7. The 13th Amendment “freeing” all citizens of the United States was passed just 30 years before my grandmother was born.
8. “Civil Rights” legislation was passed in 1963, when I was in college, which allowed education and jobs to be available to blacks, women and other minorities.
9. Before “Civil Rights” legislation it was legal to deny education and jobs to women and people of color. Housing and jobs could legally be denied on the basis of race and sex. After "Civil Rights" legislation, jobs, housing and education started the long road of seeking equality for all; however, there continued to be obstacles, both covert and overt.
10. Prior to 1963 and throughout my life up to that time, it was legal to deny housing, deny jobs and physically abuse minorities, wives and children. (Remember the old saying, “spare the rod, spoil the child”?) It was legal to hang a sign saying, “Blacks need not apply” (for jobs or housing).
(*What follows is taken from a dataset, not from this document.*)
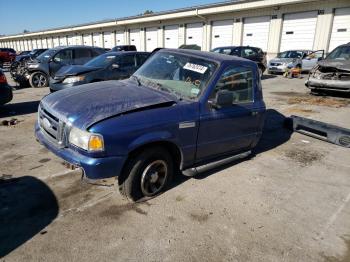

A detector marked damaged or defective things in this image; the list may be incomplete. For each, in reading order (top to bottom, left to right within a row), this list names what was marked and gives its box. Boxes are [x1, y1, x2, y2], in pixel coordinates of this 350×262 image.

damaged hood [40, 79, 176, 129]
11. Since 1963, the long hard road of pushing against long-established norms and biases has been challenged legally. We now, thanks to civil rights legislation, openly address domestic violence, which is no longer condoned. We now openly address child abuse, and priests are no longer allowed to sexually abuse children, which was quietly condoned and overlooked all over the world. Workplace sexual harassment is no longer condoned, as evidenced by celebrities who have lost their “privilege” and their careers due to sexual harassment of employees. African-Americans and women are now able to study medicine and law. Blacks are more able to live wherever they would like, rather than finding absolute restrictions confining them to one (often rundown) neighborhood.
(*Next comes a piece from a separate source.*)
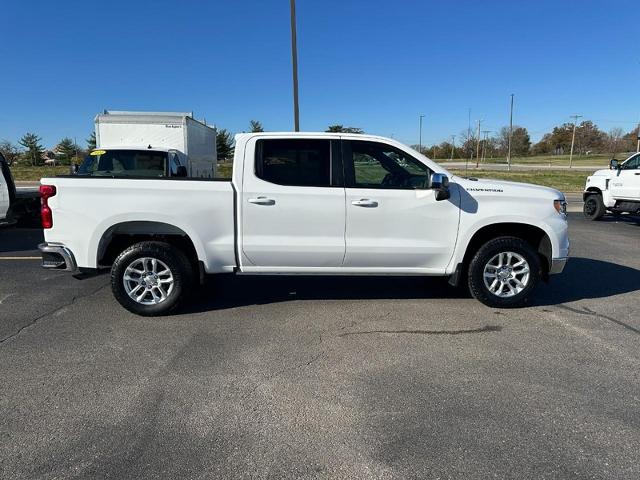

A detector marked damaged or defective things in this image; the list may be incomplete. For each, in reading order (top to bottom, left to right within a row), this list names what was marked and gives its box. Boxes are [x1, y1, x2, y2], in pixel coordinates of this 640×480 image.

Therefore, we all agree that ...
12. There are many good reasons why we all feel biases for our political parties, sports teams and churches. Most of our biases are helpful and good. Only biases removing personal safety and liberty of others are both unconstitutional and, thankfully now, unlawful.
13. Every citizen, Republican, Democrat, woman, man, Baptist, Catholic, Jewish, or Muslim, are benefiting from equal opportunity, freedom from sexual harassment and freedom from violence (domestic and institutional).
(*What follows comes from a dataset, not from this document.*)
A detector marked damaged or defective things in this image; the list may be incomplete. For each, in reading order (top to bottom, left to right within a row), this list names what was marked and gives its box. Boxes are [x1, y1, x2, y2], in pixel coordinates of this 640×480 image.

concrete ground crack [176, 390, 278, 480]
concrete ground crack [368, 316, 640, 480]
14. Violence, which law enforcement addresses every day, is the product of neglect, mental illness, poverty, systemic racism and ignorance. We are all united in our commitment to address violence and the victims trapped in abusive and toxic lives.
15. It now feels normal to have African Americans and women become doctors, lawyers and successful businessmen and women, and for diverse candidates and politicians to routinely seek the votes of women and minorities. None of that was normal in my grandmother’s day. The vote was given to women when she was 20 years old. And in my lifetime prejudice and legally condoned injustices did not start to be addressed until I turned 20! Not that long ago!
Auburn resident Gilda Brower is a founding member of the Harriet Tubman Center for Justice and Peace and also a member of the Auburn Human Rights Commission.